PROBLEM STATEMENT »
Output only the lines below from the one holding "Vida - modelo" down to the one holding "How Much Water", both end lines included and every picture dropped.

INPUT »
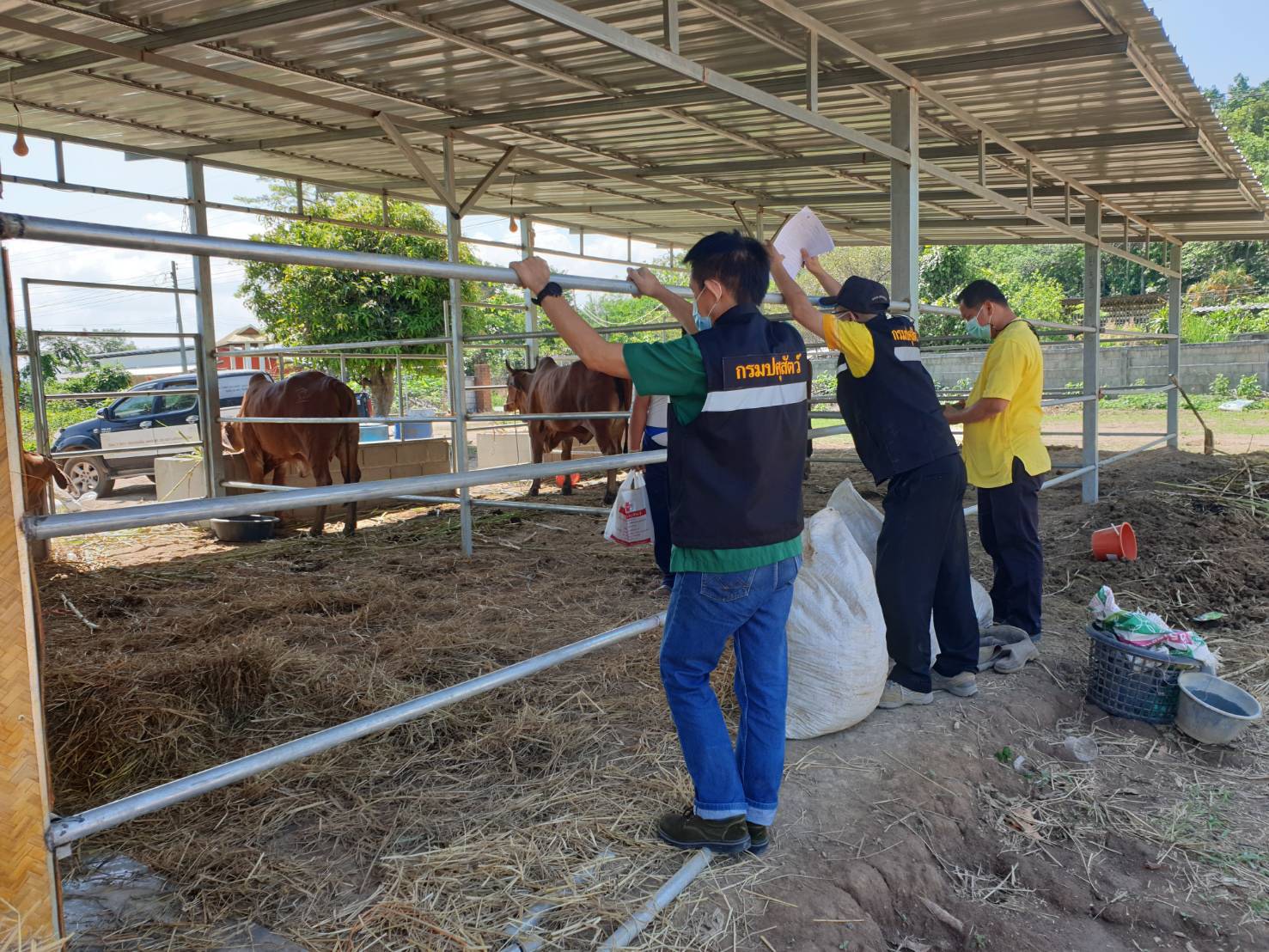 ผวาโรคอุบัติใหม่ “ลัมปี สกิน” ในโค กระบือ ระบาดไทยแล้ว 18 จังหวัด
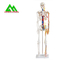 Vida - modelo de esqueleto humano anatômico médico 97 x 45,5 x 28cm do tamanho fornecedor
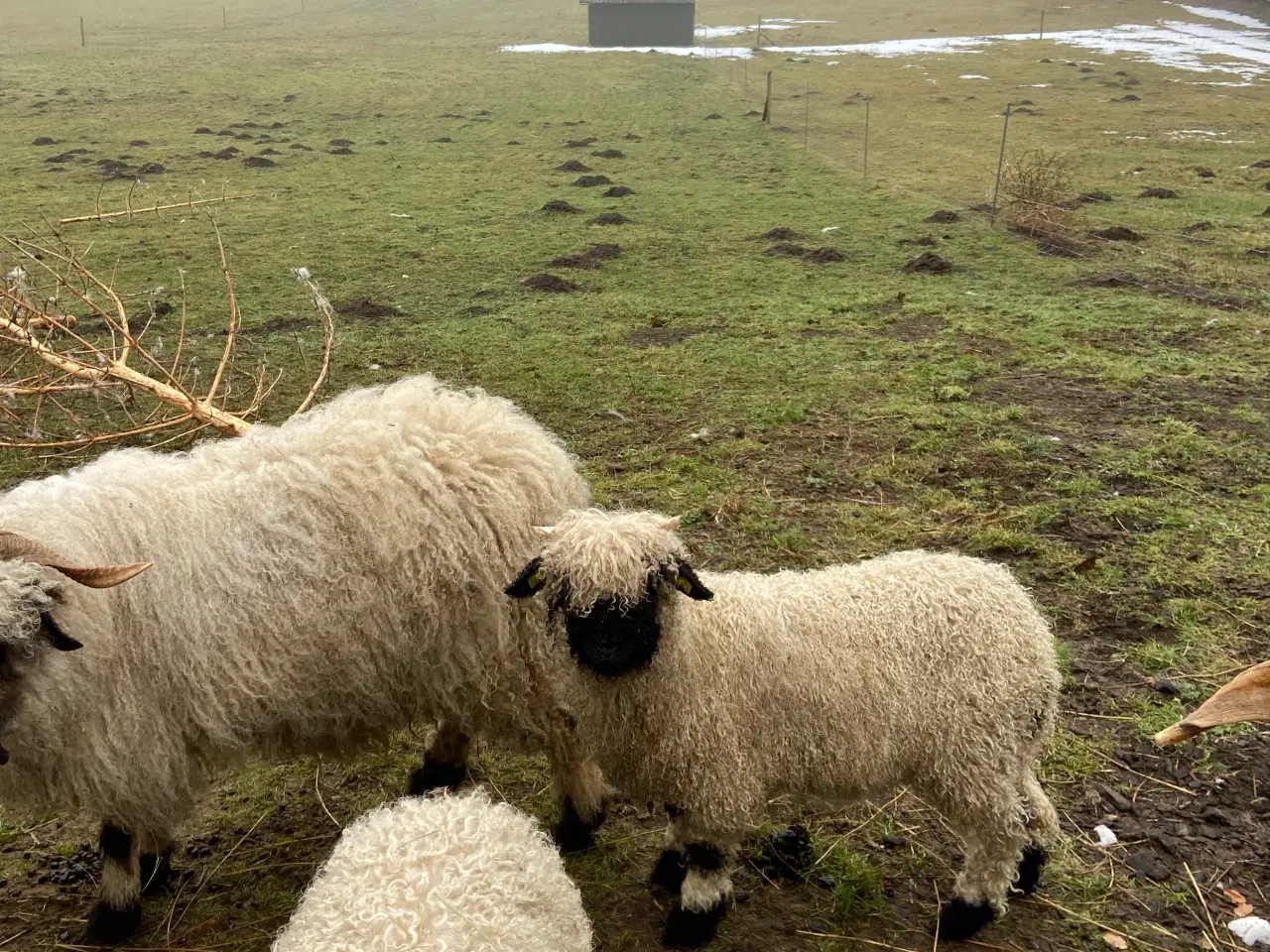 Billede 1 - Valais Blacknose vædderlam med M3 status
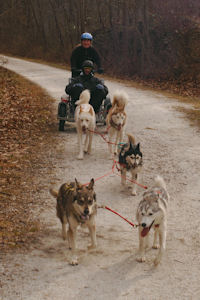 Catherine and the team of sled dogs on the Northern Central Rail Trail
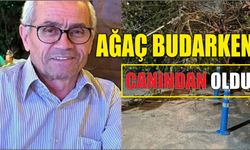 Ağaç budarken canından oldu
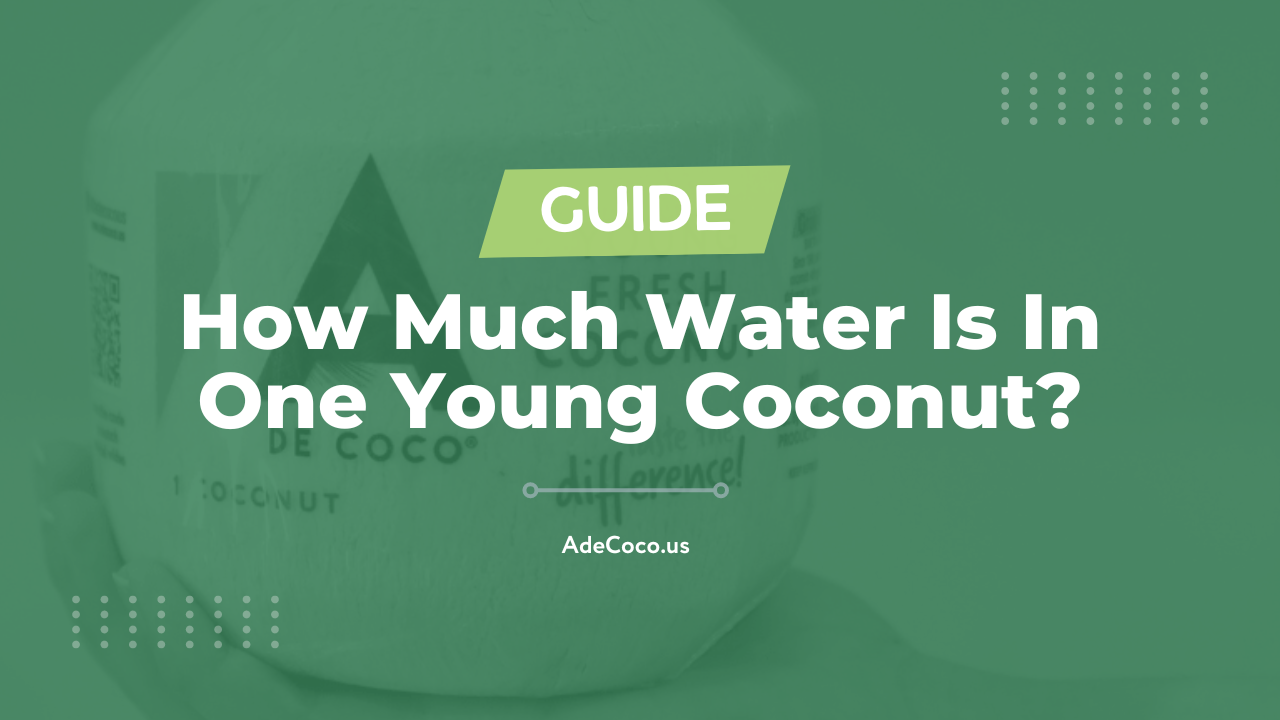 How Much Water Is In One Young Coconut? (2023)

--

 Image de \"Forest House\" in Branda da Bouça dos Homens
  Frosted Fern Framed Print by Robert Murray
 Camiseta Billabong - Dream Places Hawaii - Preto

YOUR SOLUTION »
 Vida - modelo de esqueleto humano anatômico médico 97 x 45,5 x 28cm do tamanho fornecedor
 Billede 1 - Valais Blacknose vædderlam med M3 status
 Catherine and the team of sled dogs on the Northern Central Rail Trail
 Ağaç budarken canından oldu
 How Much Water Is In One Young Coconut? (2023)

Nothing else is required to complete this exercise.